= Midwest Communications (1952–1992) =

U.S. broadcasting company

Midwest Communications, Inc. was a broadcasting company based in the Upper Midwest United States.

==History==
The company's history dates back to August 1952, when it was formed as Midwest Radio and Television as a merger of WCCO (AM) and WTCN-TV. The company was a joint-venture of Mid-Continent Radio-Television (itself a partnership of the Saint Paul Pioneer Press and the Minneapolis Tribune Company, 53%) and CBS (47%). While WTCN radio went to a separate owner, the television station became WCCO-TV.

The company expanded over the years, launching WCCO-FM (now KMNB) in the 1970s.

In the early 1980s, Midwest Radio and Television bought ABC affiliate WFRV-TV in Green Bay and its satellite in Escanaba, Michigan, WJMN-TV (CBS did not initially take an ownership stake in either of those two stations at the time as they had good relations with then-CBS affiliate WBAY-TV) from Orion Broadcasting, which merged with Cosmos Broadcasting (itself a subsidiary of Liberty Corporation). Midwest Radio and Television also bought KCMT in Alexandria, Minnesota and its satellite in Walker, Minnesota, KNMT. The stations' calls became KCCO and KCCW respectively, and the stations became satellites of WCCO-TV.

In October 1982, the company renamed itself Midwest Communications to reflect the company's expanded business that now included cable systems and two cable channels.
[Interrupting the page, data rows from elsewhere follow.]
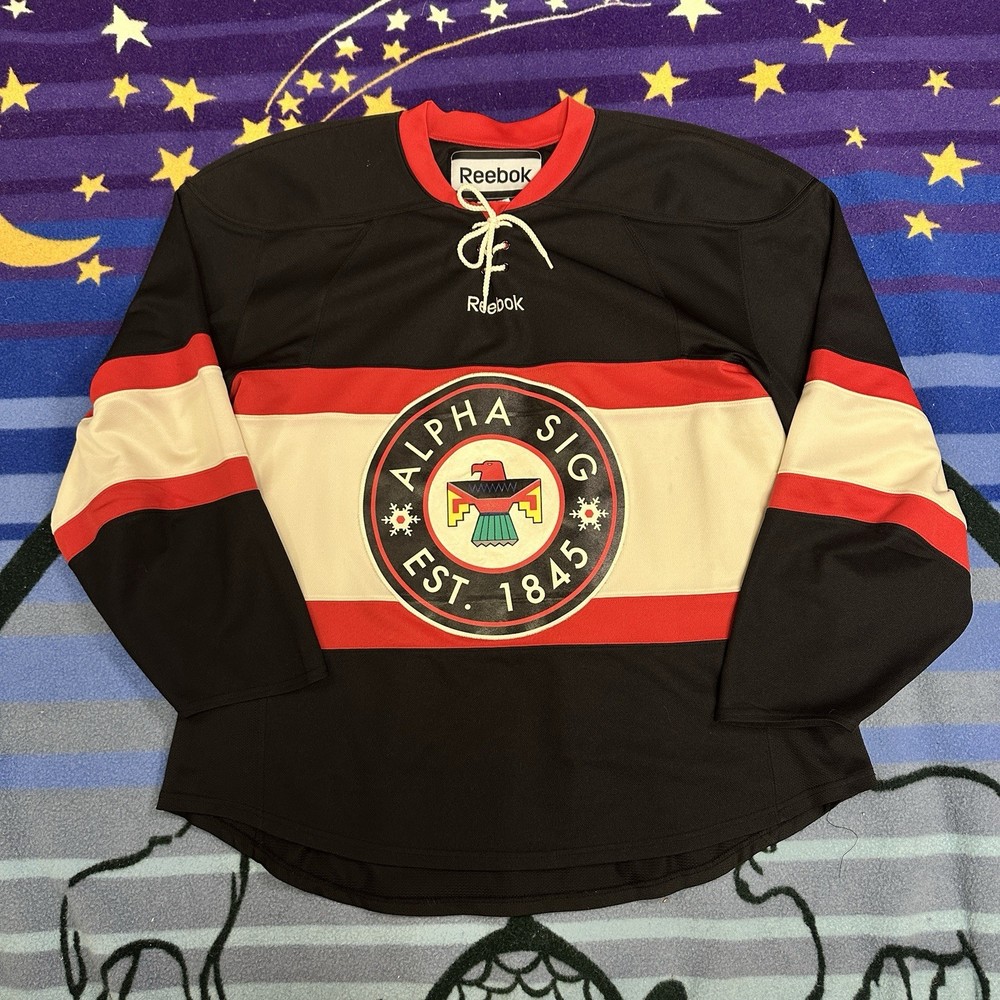 Vintage Thunderbird Blackhawks Hockey Jersey Men’s L/XL Frank Ocean Alpha Sig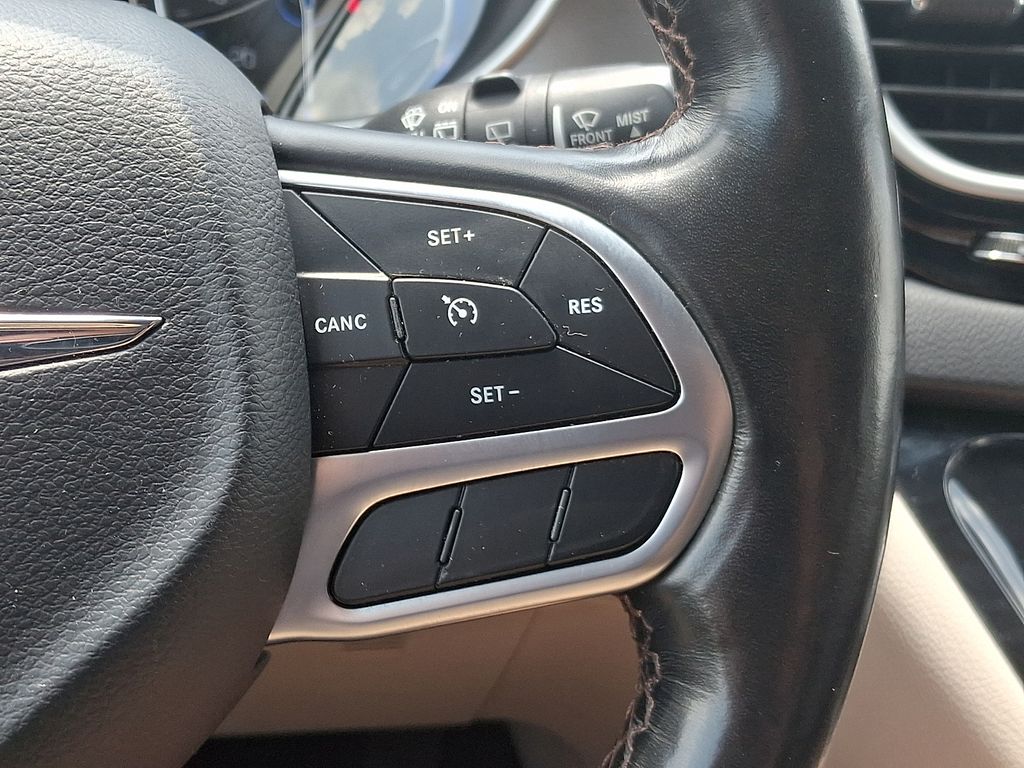 2020 Chrysler Pacifica Touring L Plus - Photo 19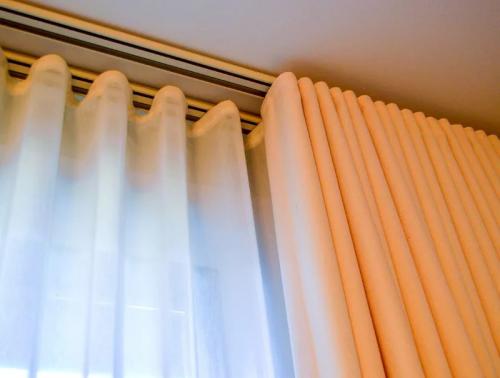 Виды гардин под натяжной потолок. Гардины для штор: советы по выбору под натяжной потолок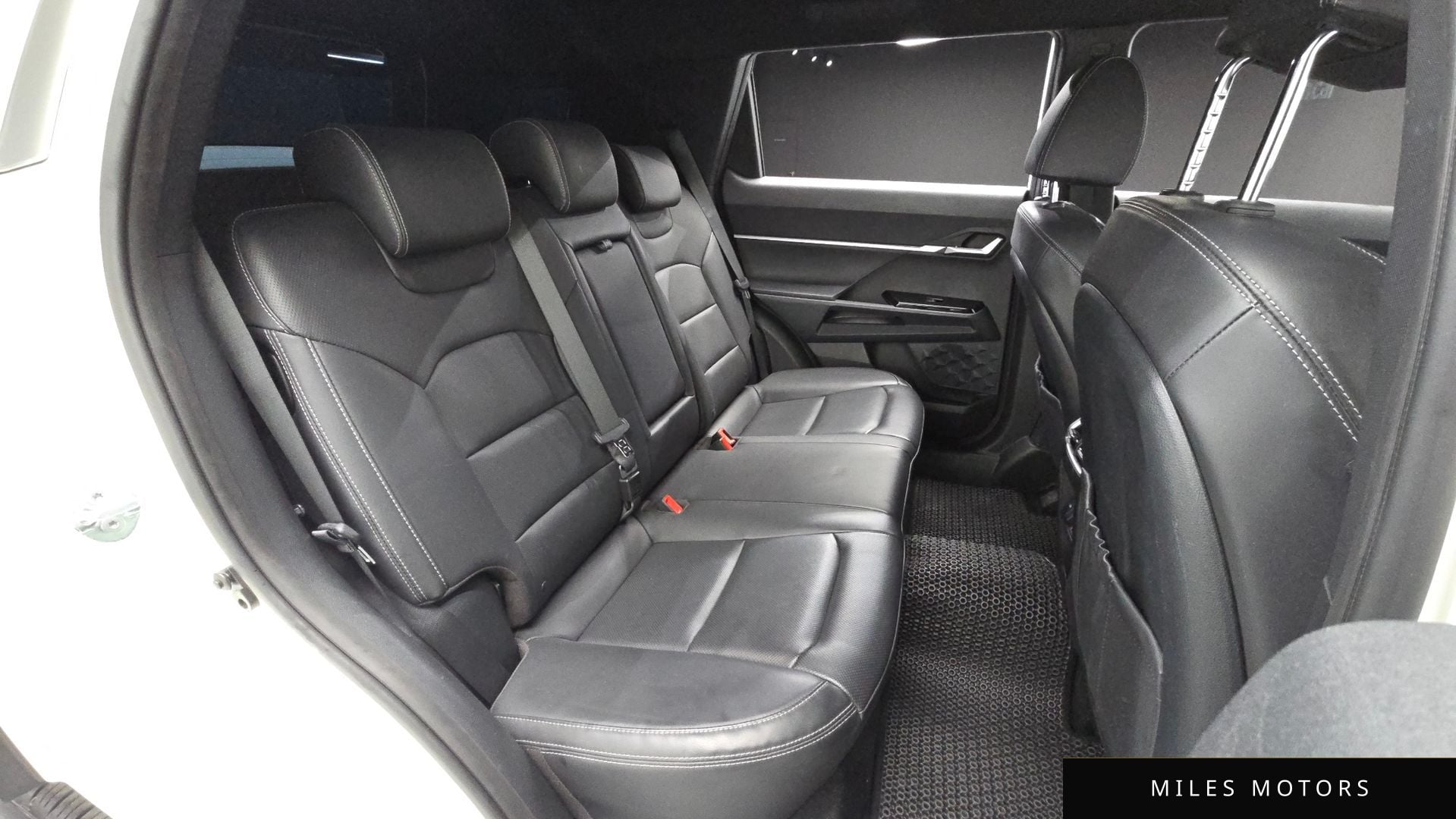 KG Mobility Torres 2023 — миниатюра 12
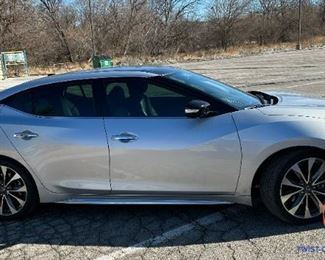 2019 NISSAN Maxima Platinum - 3,406 Miles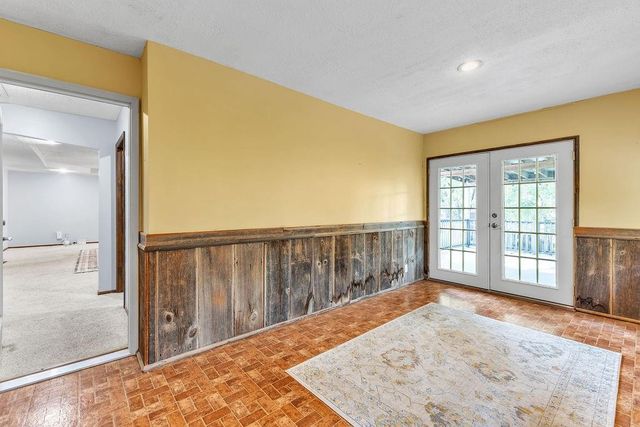 7001 N Highland Avenue, Kansas City, MO 64118
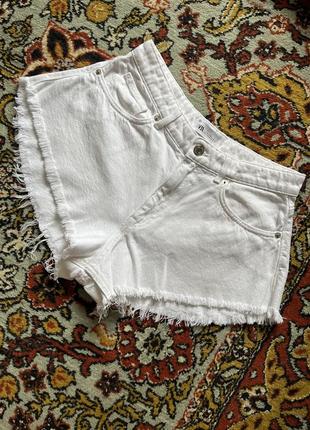 Белые джинсовые шорты zara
WCCO II was also launched around this time to become an early local cable channel that would evolve into the regional sports network Midwest Sports Channel.

In February 1992, the company merged with CBS, and WFRV/WJMN as well as WCCO became CBS owned-and-operated stations. Today, only WCCO-TV and its satellites are retained by Paramount Skydance Corporation. WFRV/WJMN was sold to Liberty Media in 2007, then to Nexstar Broadcasting Group in 2011. Meanwhile, CBS divested its entire radio division to Entercom, which renamed itself Audacy, Inc.

Midwest also owned the Midwest Sports Channel, which was originally associated with WCCO-TV. MSC became a CBS owned and operated network following its acquisition of WCCO. In 1999, shortly after CBS was acquired by Viacom, MSC was sold to News Corporation and operated as Fox Sports North (now FanDuel Sports Network North).

Midwest Radio and Television was not associated with Midwest Television, which was run by the estate of August C. Meyer Sr. and former owners of KFMB radio and television in San Diego, California, WCIA in Champaign and WMBD radio and television in Peoria, Illinois, nor Midwest Communications, which also has broadcasting interests in Northern Wisconsin, Minnesota, Michigan, Indiana, North Dakota and Tennessee.